-
Notifications
You must be signed in to change notification settings - Fork 26
Description
Is the feature request related to a problem?
Often, NetCDF/CF datasets store calibrated values using scale_factor and add_offset (or similar metadata), while the raw array contains unscaled integers. In the VS Code H5Web extension, the viewer currently displays the raw values, which makes quick inspection misleading and requires external tooling to interpret correctly.
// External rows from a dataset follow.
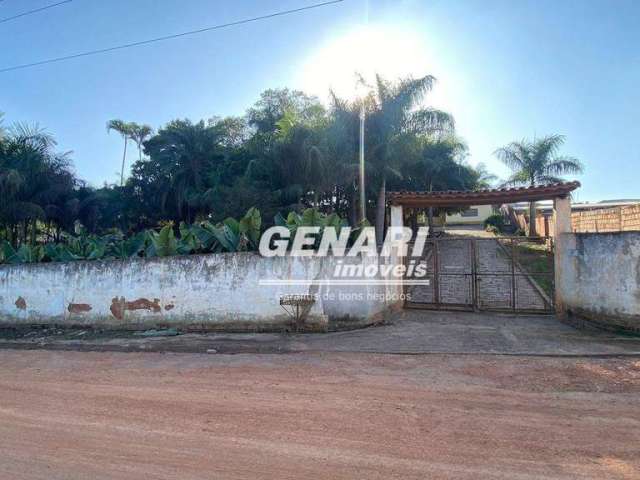 Terreno à venda, 2560 m² por R$ 2.300.000,00 - Recreio Campestre Jóia - Indaiatuba/SP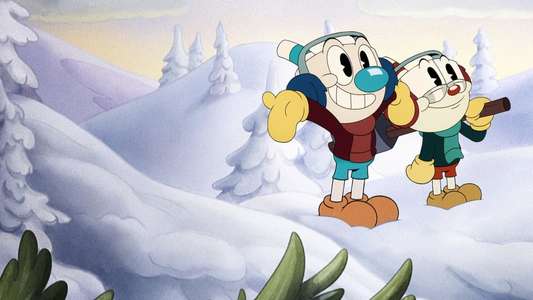 The Cuphead Show! - Backdrops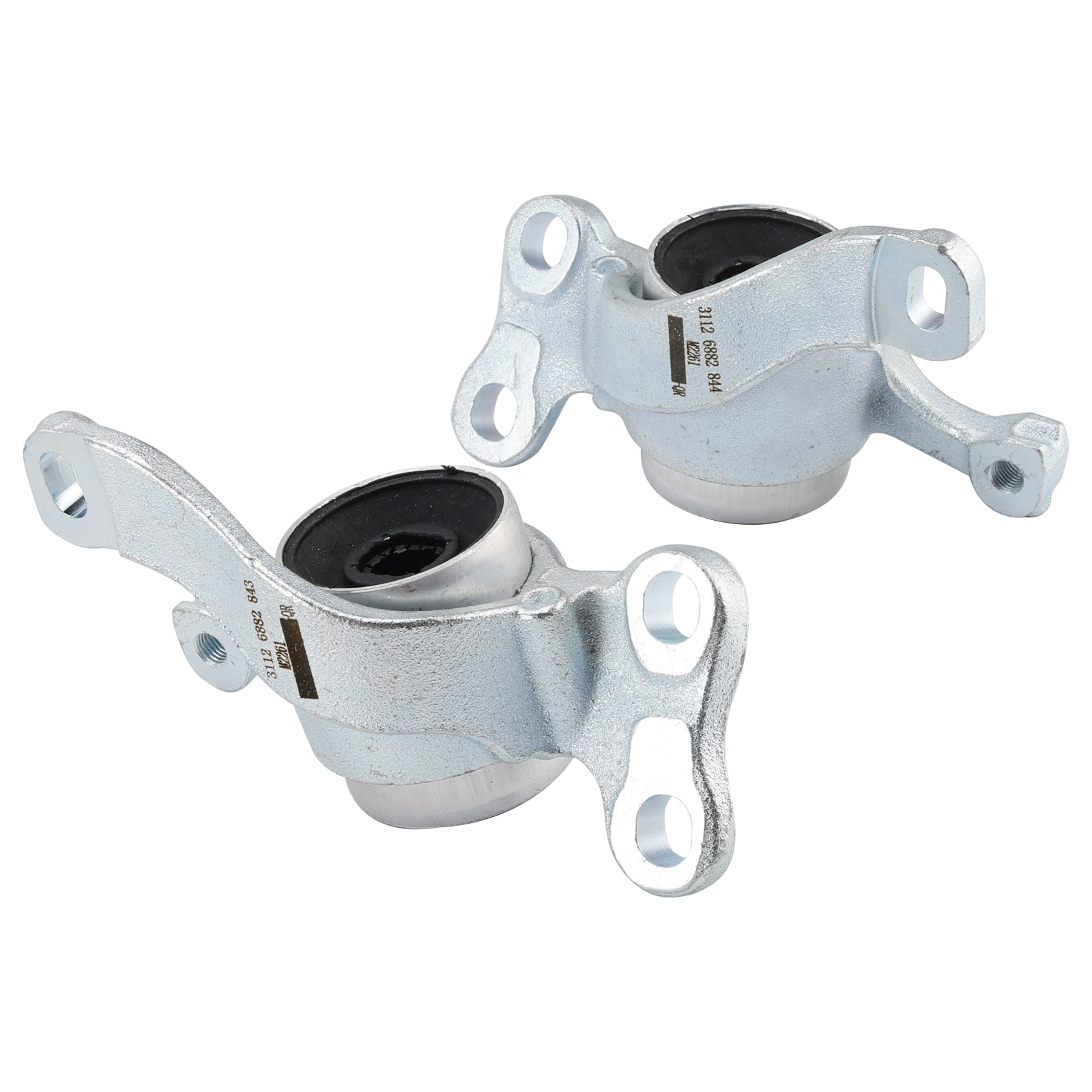 Front Lower Control Arm Bushing 31126882843 31126882844 For BMW F48 X1 228i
Additionally, when browsing complex datasets, it’s hard to confirm the logical shape and ordering because the names of dimensions are not visible alongside the data.
Requested solution or feature
1. Apply scale/offset on the fly (with a toggle):
• Detect standard CF attributes (scale_factor, add_offset, _FillValue, missing_value, valid_range) and apply them to the displayed data.
• Provide a per-variable toggle:
• “Show raw data”
• “Show scaled data (CF)”
• If units are present, display updated units when scaled; otherwise keep raw.
2. Respect fill/missing values and valid ranges:
• Treat _FillValue/missing_value as NaN (or visually dim) in the rendered table/plot.
• Optionally allow a “clip to valid_range” view.
3. Show dimension names next to shapes:
• In the variable sidebar and the data header, display the array shape annotated with dimension names, e.g. reflectance: float32 [time=12, latitude=2048, longitude=3712].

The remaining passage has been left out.